Neville mira el libro, no hay partidas contables pero si un dibujo que abarca las dos hojas, es una especie de plano rudimentario, casi parece el dibujo de un niño pero ahí están; la casa principal, lo que ahora son las casas de los trabajadores, los campos delimitados y señalados con el nombre de lo que habían sembrado, el granero en la loma, y por último, como título en letras grandes y claras; "Propiedad Berkeley"

-Ginny, prepara tu mochila-se incorpora y camina emocionado por el poco espacio disponible-yo me encargo del inventario y contactar al experto, porque tú te me vas de inmediato a la ciudad, quiero toda la información que encuentres sobre la hacienda, toda Ginny, por pequeña que sea-reitera sonriéndole ampliamente-una vez que podamos leer los libros sin problema, armamos la historia.

Ella corresponde su sonrisa y comparte su emoción, si bien en esas tierras no hay cuestión de raíces con la familia Longbottom, ellos las han ocupado mínimo por veinte años, entiende el interés de Neville por saber quien estuvo antes que ellos.

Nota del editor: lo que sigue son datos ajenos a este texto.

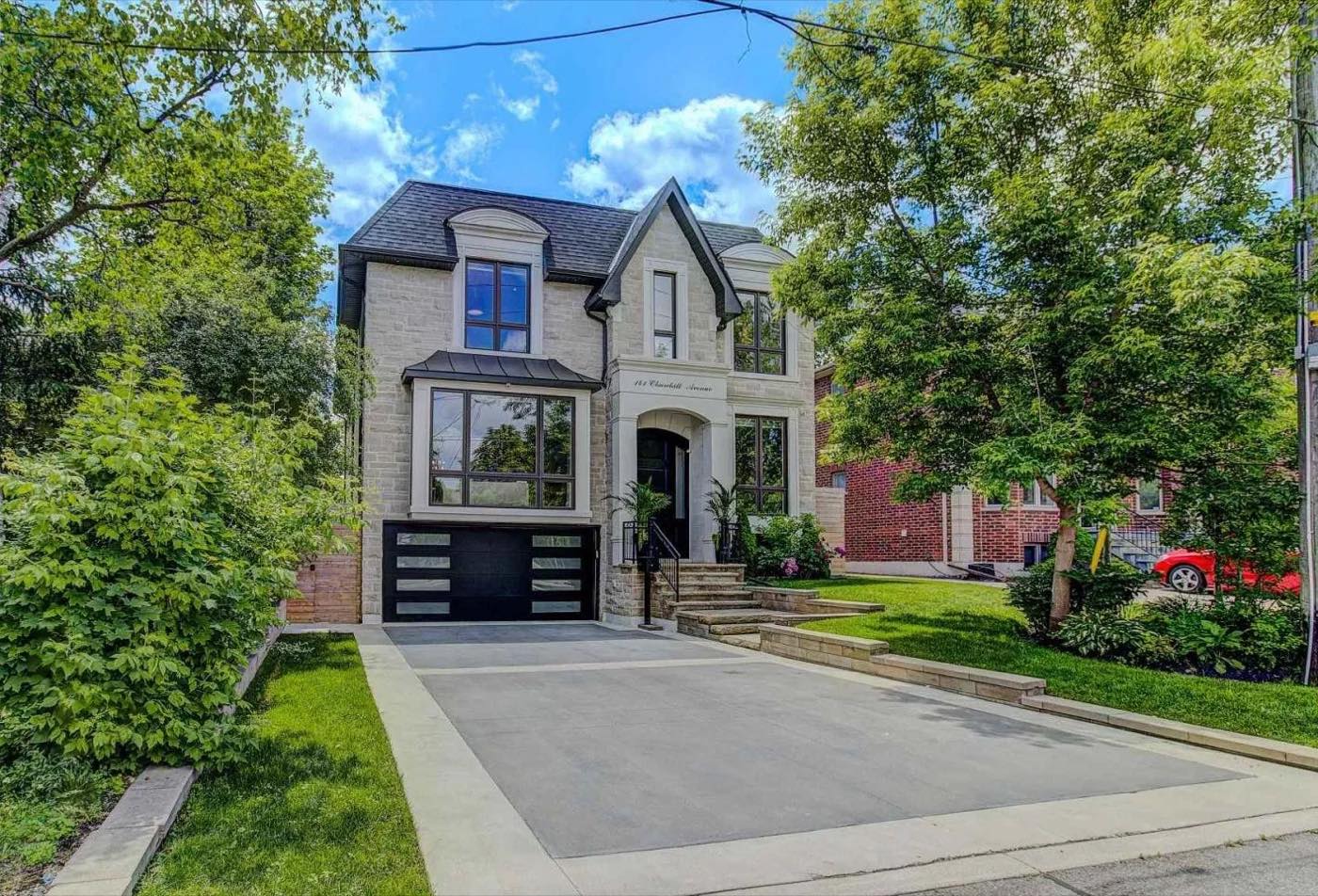 Exterior renovation of a detached home with a new deck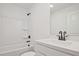 Clean bathroom with white fixtures, a shower-tub combo, and a modern vanity with matte-black accents at 175 Bluffington Way, Marietta, GA 30066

Pasa la vista por el nuevo desorden que invade el despacho; en total son veinte tomos iguales, de los cuales vieron casi la mitad, y luego hay otros dos, diferentes en forma y tamaño.

-¿puedes hacerlo, Ginny?-la voz de su jefe la obliga a ponerle atención-sueno ansioso, pero ¿puedes irte a la ciudad por la mañana o deseas esperar el fin de semana?

-¡claro que me voy mañana!-asegura tan rápido que su voz tiene un toque chillón, ambos echan a reír sabiendo que es interés por reunirse con Harry lo que la motiva.

Durante la cena le cuentan las novedades a Luna, quien comparte su alegría para después, con un gesto estudiado, tomar una postura seria.

-bien, Ginny-Luna hace una pausa premeditada, deja los cubiertos sobre el plato y pasa la servilleta suavemente por sus labios-que te quede claro que esas sábanas son un regalo de mi padre-habla conteniendo el impulso de echarse a reír al ver la expresión de Ginny-no es cualquier género, es fibra de bambú, pero te perdono porque; no es difícil conseguirlas, Nev está realmente emocionado con el descubrimiento de esos libros y-le sonríe ampliamente-mañana volverás loco de felicidad a mi cuñado.

Se quedan en silencio por un minuto, Neville y Ginny suspiran aliviados para luego soltar la risa.

-¡Luna!-regaña su esposo en tono cariñoso-¡hasta a mí me asustaste!

-vamos Nev-cubre suavemente su mano-me conoces amor, nada importa más que mi familia-mira a Ginny y le hace un guiño-menos las cosas materiales.